Friday ~ June 25th, 2010 at 11:49 pm
Apex
so zero percent interest, putting trillions in toxic mortgages on the fed balance sheet, and funding huge fiscal stimulus via large bond offerings is a deflationary monetary policy?
I realize inflation has showed up but that seems to me to be a function of structural economic imbalances such as high unemployment and low end user demand. I would like to see those imbalances corrected quickly but I am not sure what would do it and from a monetary stand point not sure what more they could do. But perhaps I don’t understand all the potential monetary tools.
So from a monetary policy what would you propose that is less deflationary (i.e. more inflationary) Surely not the helicopter option?
Friday ~ June 25th, 2010 at 11:51 pm
Apex
Sorry, that should have said inflation has NOT showed up.
Saturday ~ June 26th, 2010 at 8:45 am
Niklas Blanchard
I don’t want to say that the Fed’s current policies are DEflationary, because they’re obviously attempting to take an expansionary stance…however as Woodford (and other new Keynesians) has pointed out, it is not so much the current actions of monetary policymakers which determines the stance of policy, but the expectation of future policy. In that light, if people see a large bloc of the FOMC loudly decrying a low interest-rate policy, and agitating for the Fed to start tightening soon, the the effect is that monetary policy tightens — the Fed doesn’t even have to actually *do* anything.
However, I do view the current Fed policy as being too tight relative to the needs of the economy. As far as I can tell, the Fed hasn’t adjusted it’s output target from the implied 5% growth path — at least it hasn’t sent any signals that it has — and that is a problem, given the current output gap.
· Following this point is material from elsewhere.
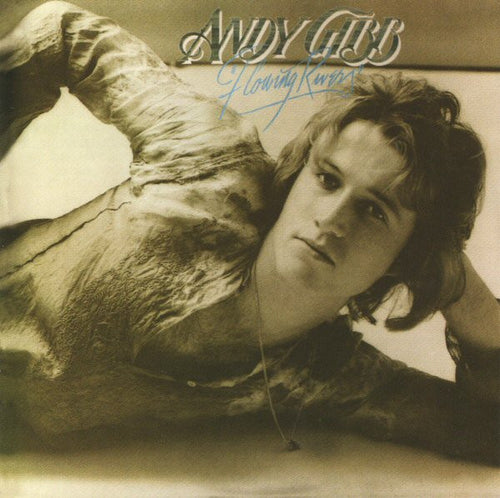 Andy Gibb : Flowing Rivers (CD, Album, RE, RP)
I think that the Fed should set an explicit nominal target (price level, or NGDP), and promise to do whatever they need to hit that target (and make the promise symmetrical). I view interest rates (as monetary policy) as mostly a red herring, and the focus on them an error of judgement.
There has never been a central bank in the history of the world that was unable to hit a nominal target, so it shouldn’t be that hard to do.